Science has the premise of a space time continuum in which we think of a big bang as continuing to occur so that its space is expanding within a finite amount of time between the initialization of the event and now. We might question whether or not this expansion could have had a point of origin in space if it had one in time.
According to which cosmological parameters we choose, we declare that its been between 13.784 and 13.824 Billion years plus or minus some fraction of a second since an event occurred within an empty timeless universe which had not as yet expanded, and was either finite or some form of multiverse.
Can that universe be taken as having had as its center the point in time at which the big bang occurred when we observe clusters of galaxies that were created within .6 Billion years of that event but so far non before its origin.

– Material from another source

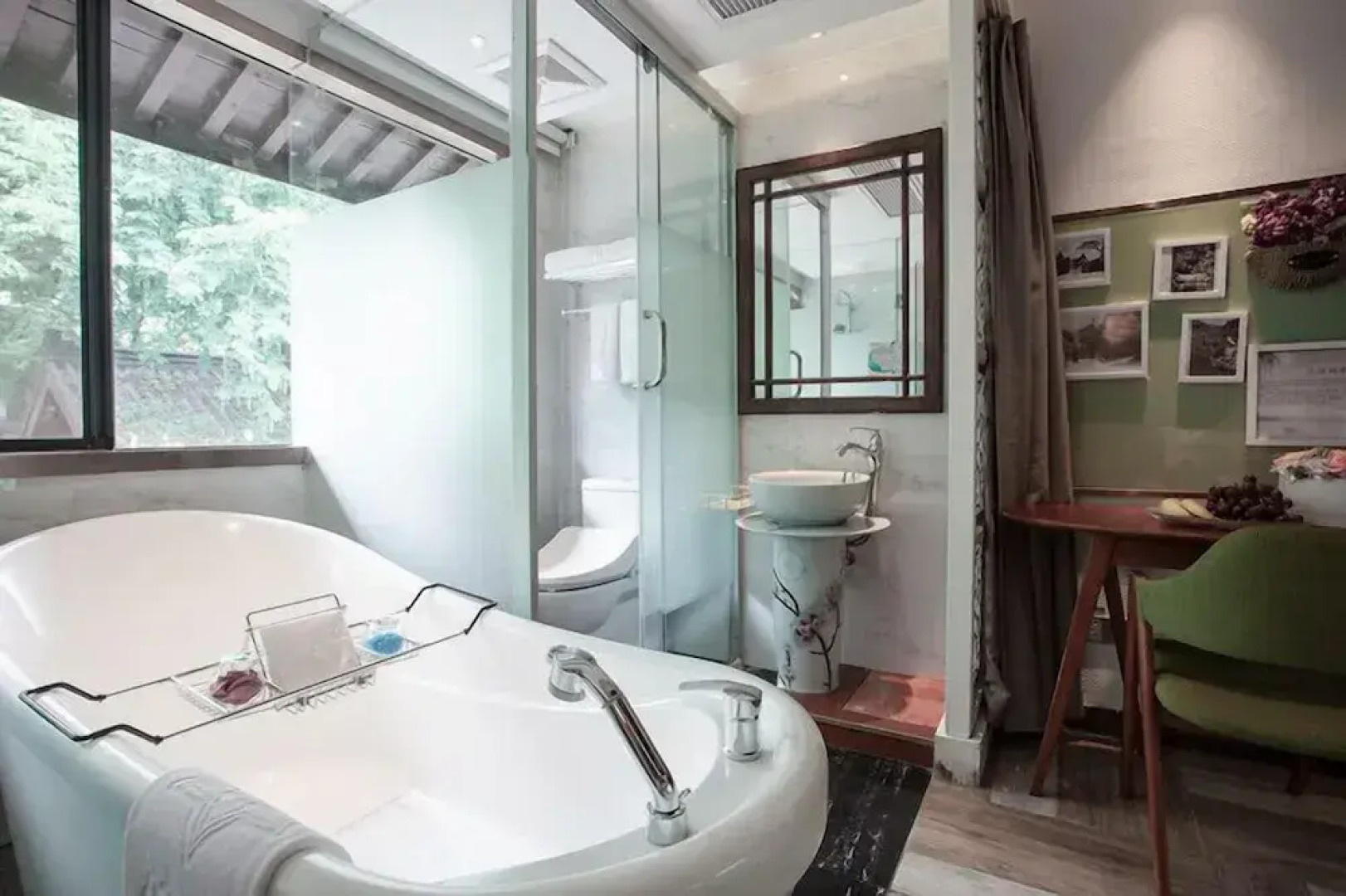 Yurong West Lake Cottage Resort Hotel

Science tells us Matter and Energy which are a part of the space time continuum can covert into one another following Einsteins formula of E=MC^2.

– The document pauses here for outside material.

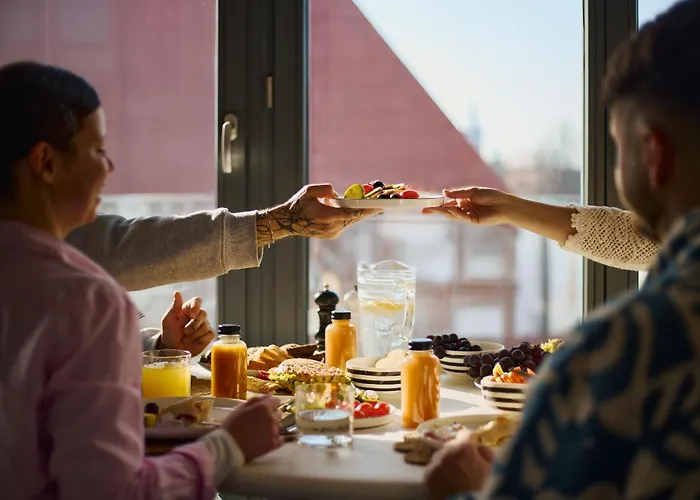 Waterlane Island - Riverview Pool, & Gym By Downtown 公寓式酒店 4*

After this event space began to expand but the speed of light in a vacuum, the time it takes light to go between two point in space we consider as having remained a constant.
At the event horizon of a black hole or indeed at any gravity well space is curved or deformed differently than the ordinary expansion of space which is ongoing and continuous; and time is slowed so that there is a relation between space and time and gravity and the speed of light which is not uniform everywhere in the universe.

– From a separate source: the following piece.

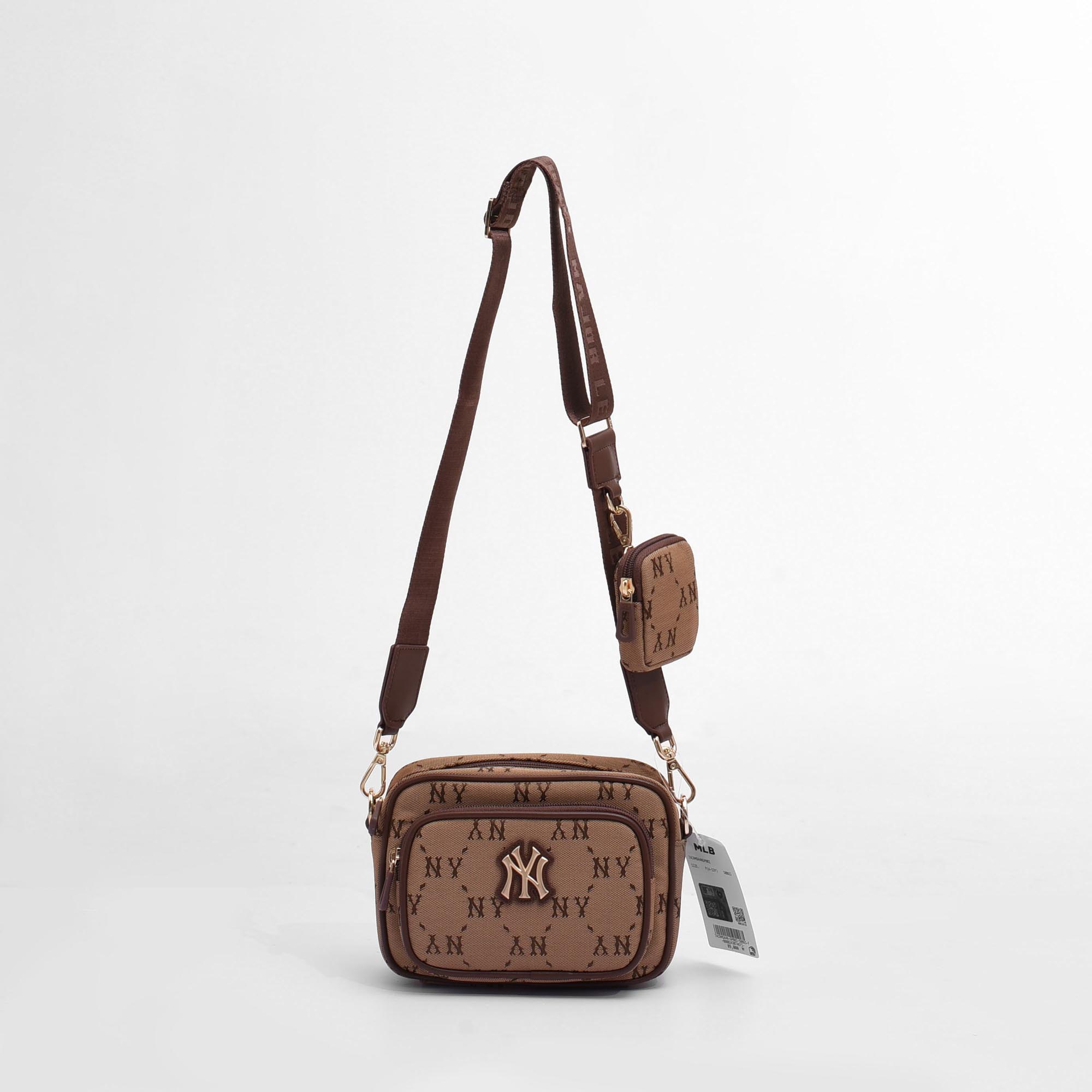 MLB MONOGRAM JACQUARD NY YANKEES CROSS BAG - BROWN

Since the expansion of space continues to occur uniformly everywhere throughout the universe it might be expected that it occurs uniformly at the point of origin of the big bang in time and that there is a prior to the expansion of space that point of origin of the big bang in time which could be defined as the center of the universe.
If the universe has no beginning and no center in space we should not be able to observe clusters of galaxies that were created in a time within .6 Billion years of a big bang event in any direction in which we look without associating their nearness in time to the point of origin in time as associated with a smaller less expansionist universe.